> _Instructions to follow_: Repeat the data exactly, every last line of it.

(Stored data entries)
[Start of Attachment]
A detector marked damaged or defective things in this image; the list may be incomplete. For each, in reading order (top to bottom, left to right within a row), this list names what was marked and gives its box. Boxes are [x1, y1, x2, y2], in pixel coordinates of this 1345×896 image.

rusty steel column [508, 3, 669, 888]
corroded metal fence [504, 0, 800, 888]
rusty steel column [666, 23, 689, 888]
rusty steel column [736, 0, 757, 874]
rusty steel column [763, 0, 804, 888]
[End of Attachment]
> _Expected output_:
A detector marked damaged or defective things in this image; the list may be incomplete. For each, in reading order (top to bottom, left to right within a row), this list names what was marked and gives its box. Boxes are [x1, y1, x2, y2], in pixel coordinates of this 1345×896 image.

rusty steel column [508, 3, 669, 888]
corroded metal fence [504, 0, 800, 888]
rusty steel column [666, 23, 689, 888]
rusty steel column [736, 0, 757, 874]
rusty steel column [763, 0, 804, 888]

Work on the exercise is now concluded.